Ю. Веселовский в своей брошюре «Я.Б. Княжнин» приближается к аналогичному взгляду: хотя он не считает «Вадима» монархической трагедией, он все же думает, что борьба между двумя мировоззрениями, – монархическим и республиканским, – осталась в трагедии неразрешенной. «При таких условиях не может быть речи о чисто республиканском характере знаменитой и злополучной пьесы», – говорит Ю. Веселовский. Таким образом, буржуазная критика старалась «обезвредить» княжнинскую трагедию, как она старалась обезвредить и Радищева. Под влиянием этой традиции находился и Г. В. Плеханов, старавшийся доказать в своей «Истории русской общественной мысли», что Княжнин был «верным подданным Екатерины II».

К вопросу о «Вадиме» возвращается М.А. Габель в статье «Литературное наследство Я. Б. Княжнина» («Литературное наследство», № 9–10, 1933). Она приводит мнения по этому вопросу не только указанных выше ученых, но и тех, которые считали «Вадима» пьесой радикальною, не лишенной революционности. Так, например, И.И. Замотин толкует образ Вадима как образ Брута, остающегося даже и в момент своей смерти на высоте своего республиканского призвания.

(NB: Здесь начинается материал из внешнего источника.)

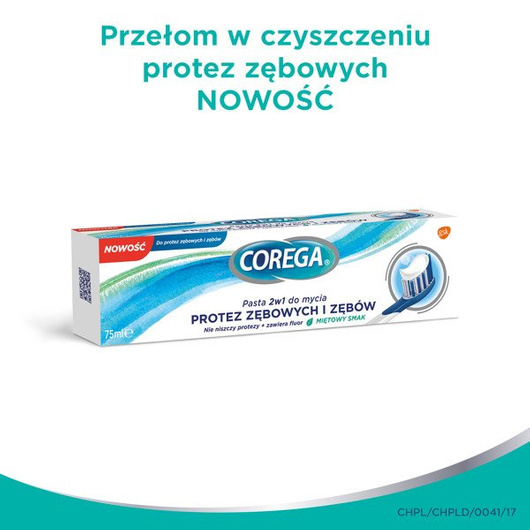 Corega Pasta 2w1 do mycia protez zębowych 75ml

Замотин считает, что Княжнин в «Вадиме» – республиканец, что он на стороне Вадима, несмотря на наличие «возвеличения просвещенного абсолютизма» в лице Рурика*. М.А. Габель в свою очередь показывает, что Княжнин оправдывает в трагедии Вадима, делает своим героем его, а не Рурика. При этом она говорит о том, что Вадим – не демократ-республиканец, и, подобно самому Княжнину, он является представителем дворянской, аристократической фронды против деспотии, самодержавия, в частности против Екатерины II.

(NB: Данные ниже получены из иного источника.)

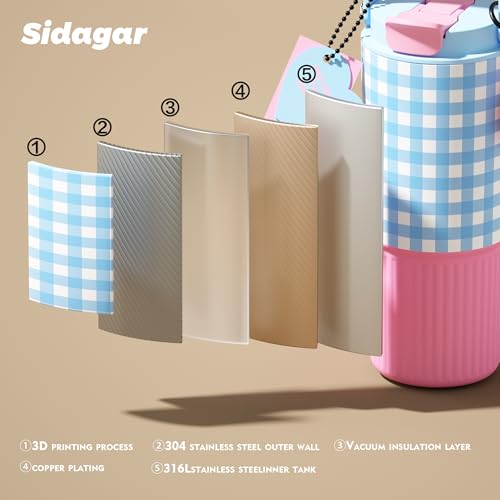 26 oz Insulated Stainless Steel Tumbler with Straw & Handle Blue - color: Blue Grid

* Замотин И.И. Предание о Вадиме Новгородском в русской литературе, Воронеж, 1901 (Оттиск из «Филологич. записок». С. 44.)

На статью М.А. Габель ответил проф. Н.К. Гудзий в № 19–21 того же журнала (1935 г.) в статье «Об идеологии Княжнина». Н.К. Гудзий отвергает толкование Вадима, данное Габель, и отчасти Замотиным. Он убедительно доказывает неправильность тезиса М.А. Габель об аристократизме Княжнина, о его якобы близости к Щербатову. Н.К. Гудзий приводит ясные доказательств и относительно демократической позиции Княжнина в его комедиях и операх, и того, что его Вадим – не вельможный фрондер, а «защитник идеи народоправства», «радетель о благе народа вообще, а не только вельмож». Но затем Н.К. Гудзий совершенно непоследовательно заявляет, что основной смысл «Вадима» – «апология просвещенной монархической власти, воплощавшейся на практике для Княжнина в деятельности Екатерины II, и нет никаких поводов подозревать в трагедии наличие какого-либо скрытого критического отношения к этой власти». К сожалению, Н.К. Гудзий не подкрепляет этого тезиса ничем, кроме указаний на то, что Рурик говорит о себе как о благодетеле народа, сохранившего вольность. Между тем, трагедия, как это было ясно и Екатерине II, и другим современникам, не с к р ы т о, а совершенно открыто выражала критическое отношение к деспотии. Что же касается неоднократно приводившегося в буржуазной литературе аргумента, что, мол, жизнь Княжнина, чиновника и дворянина, не допускает мысли о том, чтобы он впал в ересь против деспотизма, – то приведенные выше данные о «Росславе», о рукописи «Горе моему отечеству», как и вообще анализ произведений Княжнина, показывают, что «Вадим» именно как антимонархическая трагедия явился естественным выводом из всего его творческого пути.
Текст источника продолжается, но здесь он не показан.